Baer’s brown controller box; a multiplayer, multivideo gaming system, became known as the Magnavox Odyssey video game console.
Magnavox began home distribution of the Odyssey three years before Atari’s Home Pong.
Since the Odyssey game console was licensed by the television maker Magnavox, many folks incorrectly assumed the Odyssey game console would only work on a Magnavox television.
It was learned the Magnavox Odyssey game console worked on any television set.
The folks at Atari quickly picked up on this and began printing the following on their Home Pong game boxes: “Works on any television set, black and white, or color.”
Pong and Odyssey ended up becoming very popular during the 1970s.
Back in 1961, a video game played on a minicomputer was developed by four Massachusetts Institute of Technology (MIT) students.
They named it: Spacewar!
This video game operated over MIT’s DEC (Digital Equipment Company) PDP-1 (Programmed Data Processor) computer, built in 1959.

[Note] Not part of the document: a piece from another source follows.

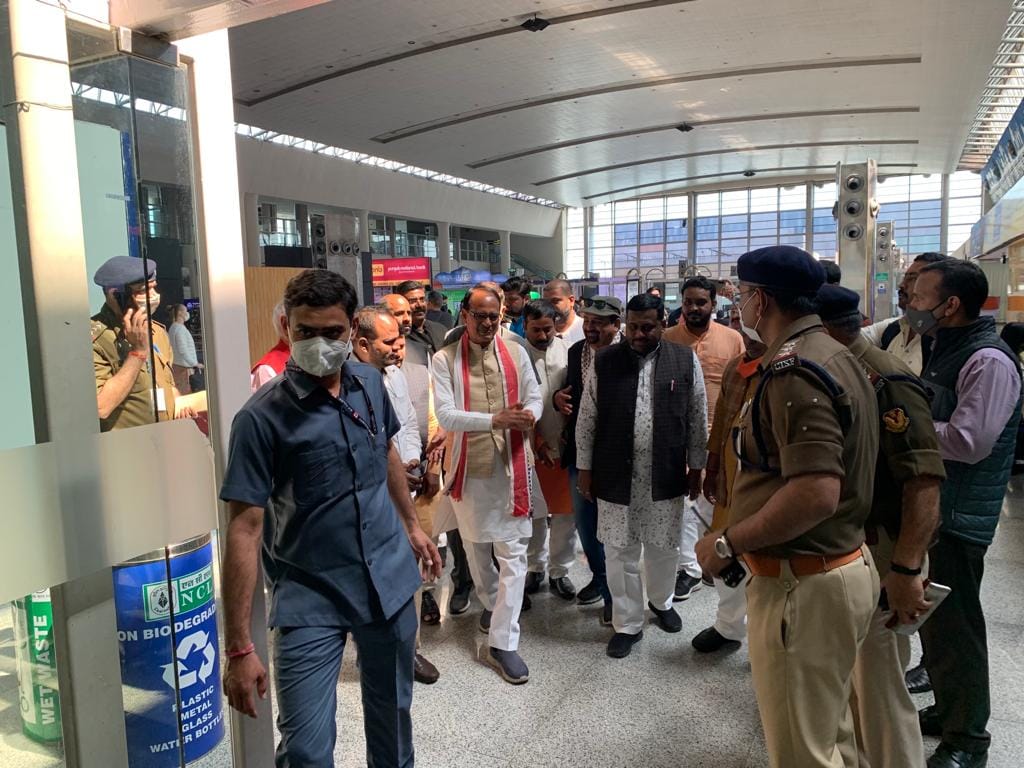 UP assembly election 2022 rally in purvanchal gathering of veteran Amit Shah and Shivraj Singh chauhan  and many leaders at Varanasi airport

In February 1962, Steve Russell completed the code programming for Spacewar!, while Dan Edwards, Peter Samson, and Martin Graetz added additional features.
Today, anyone can still play Spacewar! using the original programming code operated over JAVA, which most STEM (Science Technology Engineering and Mathematics) students know, is a cross-platform programming language designed to run on any computer system.

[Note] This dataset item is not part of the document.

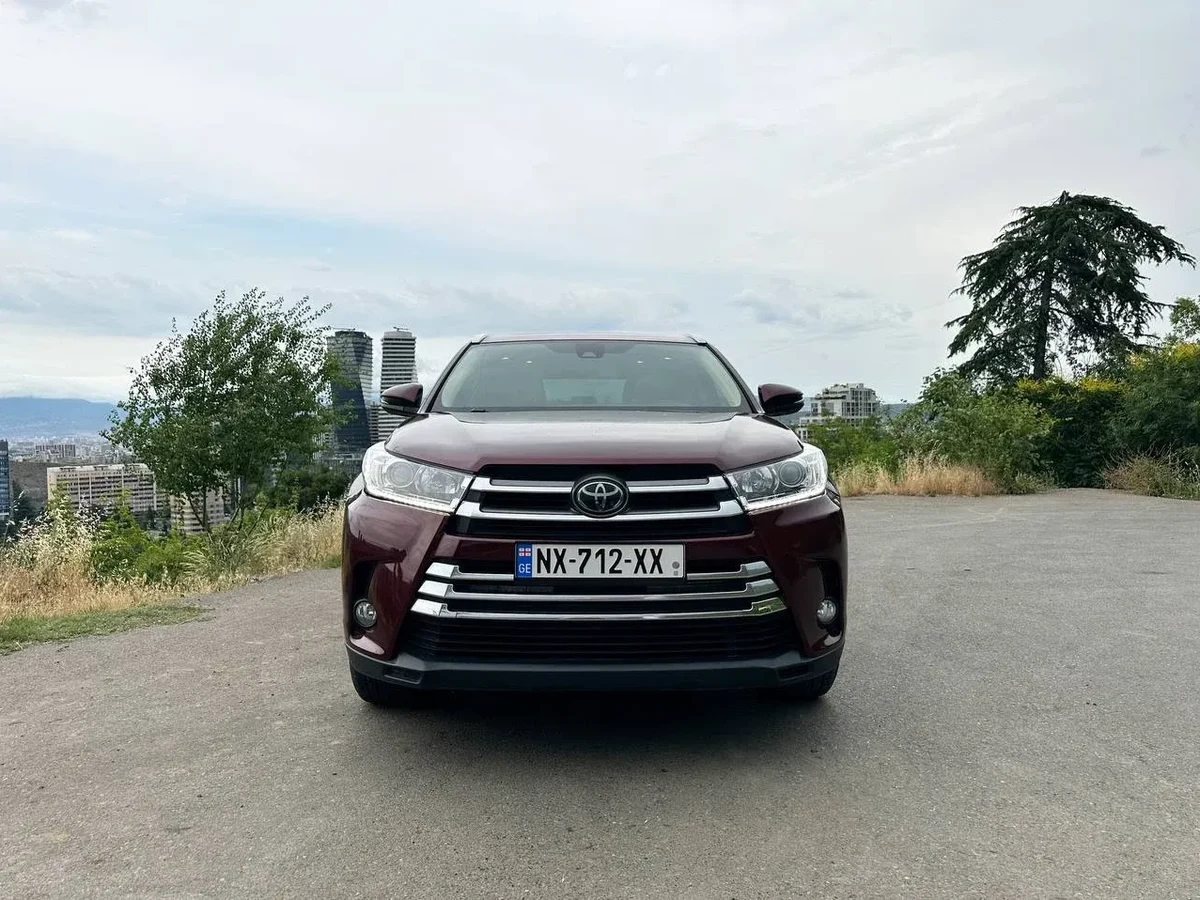 TOYOTA Highlander 2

The emulator for playing Spacewar! is: http://spacewar.oversigma.com.
In 1958, the Tennis for Two video game was created by William Higinbotham, using an analog computer.
It was played using an electronic oscilloscope, which was a piece of test gear normally used for measuring voltages, frequencies, amplitudes, noise, and a few other things.

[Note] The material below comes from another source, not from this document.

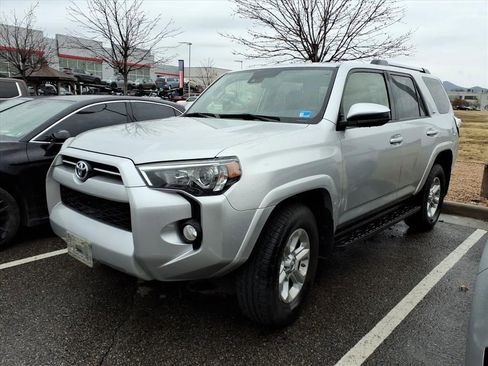 Certified 2020 Toyota 4Runner SR5 image 2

If you read my Nov. 14 column, I can confirm using an oscilloscope in the electronics lab at the technical college in Wadena.
In 1952, the first computerized digital graphical game was called OXO.
This video game involved a human playing the tic-tac-toe game against a computer.
The human player used a rotary telephone dial as the controller.
This player would dial a digit from 1 to 9, which represented the location of where to place an X or O on the tic-tac-toe board displayed on the computer’s screen, or cathode ray tube (CRT).
The programming code for OXO was written by Alexander S. Douglas at the University of Cambridge in the United Kingdom.
The OXO game was played on a British-made Electronic Delay Storage Automatic Calculator (EDSAC) computer, originally constructed in 1948.
To view a detailed screenshot of an EDSAC simulator running the OXO game, visit: http://tinyurl.com/4aufahu.
Going back to 1947, we discover what may be the inspiration for the first CRT based game using World War II radar display images.
Cathode Ray Tube Amusement Device, US Patent 2,455,992 was filed Jan. 25, 1947, and issued its US Patent Dec. 14, 1948. Thomas T. Goldsmith Jr. and Estle Ray Mann are named as the inventors.
This patent describes how a player controlled the trace of the ray or electron beam on a CRT, analogous to how an Etch A Sketch is used in making solid lines on its gray screen.